Total health expenditure represents 240 billion euros in France today or 12% of GDP, after 60 years of substantial growth. This upward trend is doubtless not going to end, even if recurrent attempts to moderate it manage to restrict, to some extent, the proportion of this expenditure that is covered –and socialized– by sickness insurance, at the risk, as Jean-Claude Angoulvant reminds us here, of thwarting its social objectives.

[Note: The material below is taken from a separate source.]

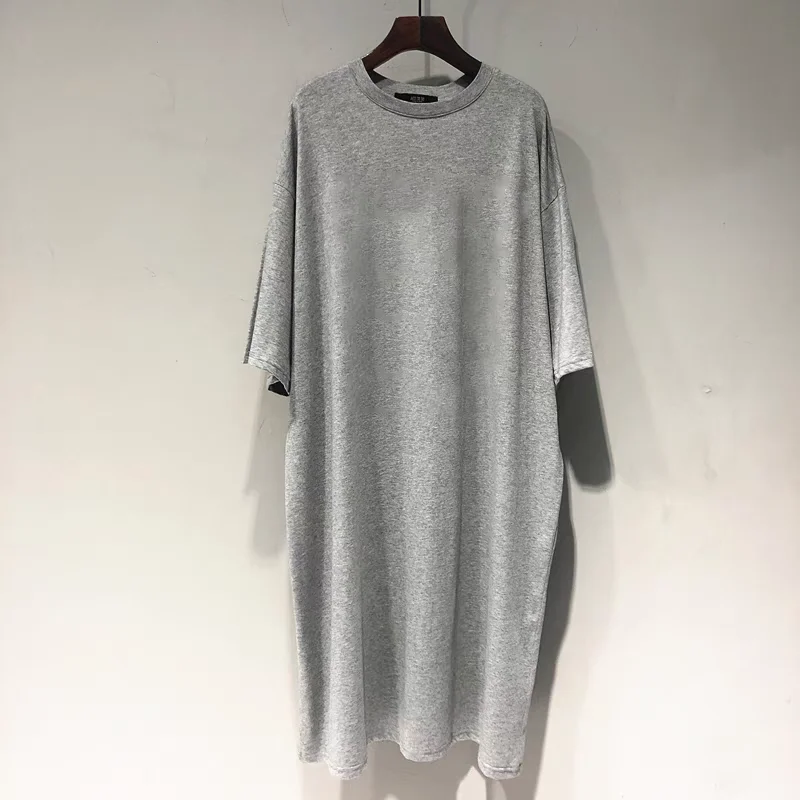Light gray (solid color)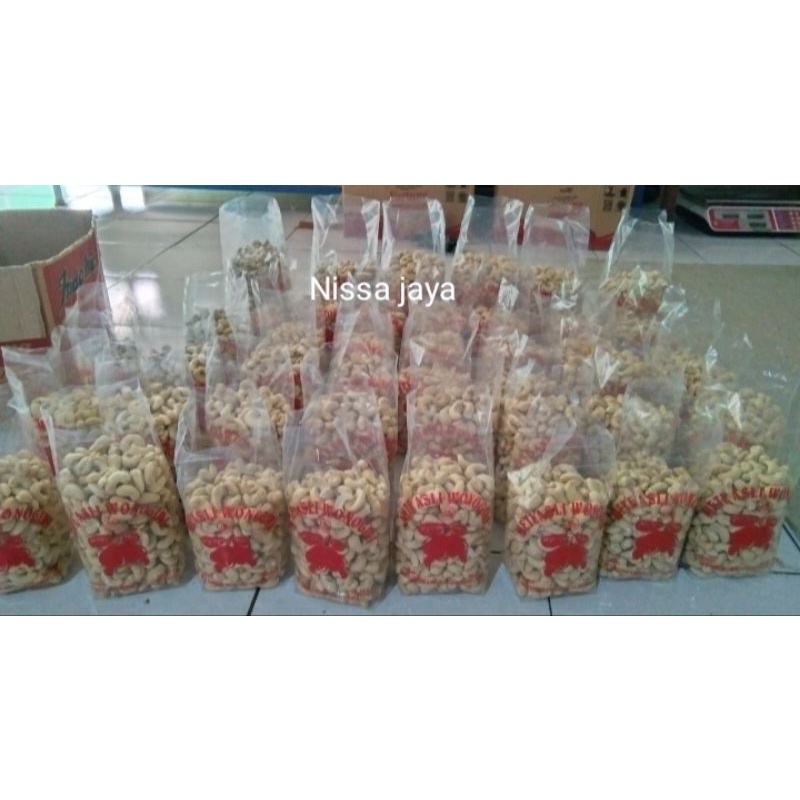 

KACANG METE MENTAH UTUH MURAH 1KG WONOGIRI KUALITAS SUPER OKE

The very notion of health and the practices associated with it have been transformed by technical and societal developments, as Professor André Khayat explains in this same issue.
If we carry this logic to its extremes, as the present article shows, the current organization of care and its funding could be transformed into a genuine system of health “production” (in addition to remedy and prevention), capable of incorporating the changes at work (linked in particular to the evolution of health “demand”, taken in an increasingly wide sense) and seeing us through a break with the old practices.
In this context, Jean-Claude Angoulvant sketches a broad systemic vision built around the “care pathway” –which should, in his view, become a “health pathway”. The idea involves bringing together the various strands of the “health-care machinery” –definition and content of health, practices and techniques, governance, regulation, funding etc.– and the related interconnections.
This work is conceived as an introduction to the necessary foresight approach to feed into a coherent public policy that covers all the fields concerned by future developments.